From: Declan McCullagh <declan () well com>
Date: Mon, 08 Nov 2004 23:33:34 -0500




-------- Original Message --------
Subject: Re: [Politech] Explanation about why Ogrish.com may or may not be banned [fs]
Date: Tue, 02 Nov 2004 16:43:10 +0100
From: MDoval BC <mdoval () labitacora com>
To: Declan McCullagh <declan () well com>
References: <41879CBE.4010405 () well com>

Hi Declan,

the site is banned if you want to access to it from the Telefonica's
network but not from other Spanish carriers. For example, last Thursday
I visited it from the Rediris network which is the public universities
network from Spain. That means that a government network didn't follow
the judge order :o) or actually the police didn't even try it. You can
read my post (in Spanish) about it at
http://www.internetpolitica.com/archivos/000251.html and
http://www.internetpolitica.com/archivos/000250.html

Some people left comments saying they could visit the site from
Retevision or cable networks so I guess the police just got the big
chunk (Telefonica) and forgot about the rest.

Montse Doval




-------- Original Message --------
Subject: Re: [Politech] Explanation about why Ogrish.com may or may not be banned [fs]
Date: Tue, 2 Nov 2004 07:35:40 -0800
From: Paul Hoffman <phoffman () proper com>
To: Declan McCullagh <declan () well com>
References: <41879CBE.4010405 () well com>

This is becoming more and more common of a problem, as more countries with
laws allowing speech suppression issue orders to prevent "objectionable
speech" (variying from web sites that "support" Osama to things as banal
as Ogrish).   The most common response to such an order by the web site
operator is to change IPs - leaving the court order ineffective, the
carrier with holes in their routing table which they cannot [legally]
remove (despite any performance issues or similar technical difficulties
which may result), and the target web site "on the air".  This may account
for the off-the-air/on-the-air reports (or it may not - either way, I
thought this explanation would be both timely and relevent).

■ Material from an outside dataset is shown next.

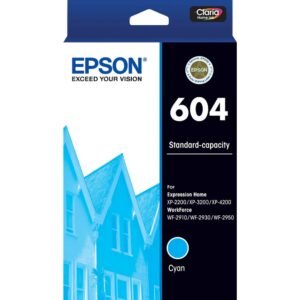 Epson 604 Original Cyan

If this is really a problem for the carriers (and I could certainly
imagine it could be), it would be interesting to set up a mechanism
where the banned sites could publicly proclaim "We were banned, we
were using IP 1.2.3.4 for the banned material, and we promise to
never ever use that IP address again". This allows the carriers to
remove the null route with impunity (and thus make the routing tables
cleaner again), and yet doesn't force the banned site to actually say
whether or not they're going to appear on a different IP address.